What's worse is when these tools start to remove "outliers". With a heavy-tailed distribution, the majority of samples don't contribute very much at all to the expectation. The strongest signal is found in the extreme values. The strongest signal is found in the stuff that is thrown out. The junk that's left is the noise, the stuff that doesn't tell you very much about what you're dealing with.
I stand firm in my belief that unless you can prove how CLT applies to your input distributions, you should not assume normality.
And if you don't know what you are doing, stop reporting means. Stop reporting centiles. Report the maximum value. That's a really boring thing to hear, but it is nearly always statistically and analytically meaningful, so it is a good default.

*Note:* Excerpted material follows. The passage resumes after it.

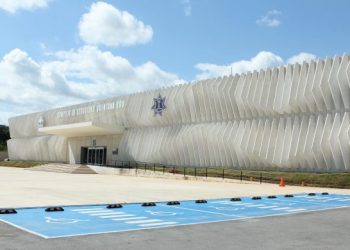 Salda Mara Lezama deuda del C5 e invierte en su equipamiento total; otorga los mejores sueldos del país a la policía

So, e.g.: for a normal distribution, with very narrow tails -- probabilities like exp(-x^2) -- your sample mean is the maximum-likelihood estimator. For a double-exponential (Laplace) distribution, whose tails are like exp(-|x|) and therefore much fatter, the maximum-likelihood estimator is the _median_, which gives much less weight to outliers. Another way to look at it: the mean minimizes the sum of |x-m|^2 and the median minimizes the sum of |x-m|, and the former grows in size and hence importance much faster as x gets large.
In benchmarks, assuming you run the same workload each time, you often want the minimum value. Anything else just tells you how much system overhead you encountered.
(Complete agreement that applying statistics without knowing anything about the distribution can mislead.)
There's an argument to Blob being the better choice, if this will run in production on a system that might encounter unrelated loads. Predictable performance is frequently more useful than theoretical maximum performance.
That said, I still agree a little bit. The minimum value is also a useful metric, and if you have the opportunity to report two numbers, the minimum-maximum pair is a great choice.
This is when the code you write is deterministic and the interference is not. The minimum is closer to what you would get without interference.
Just don't effect the time to represent typical results. (And why would you expect that if you're running benchmarks on your development machine?)
> Most -- nearly all -- benchmarking tools like this work from a normality assumption
I don't think that hyperfine makes any assumption about normality. Sure, we do report sample mean and sample standard deviation by default, but we also report sample minimum and the maximum. You can also easily export all the benchmark results and inspect in more detail with the supplied Python scripts.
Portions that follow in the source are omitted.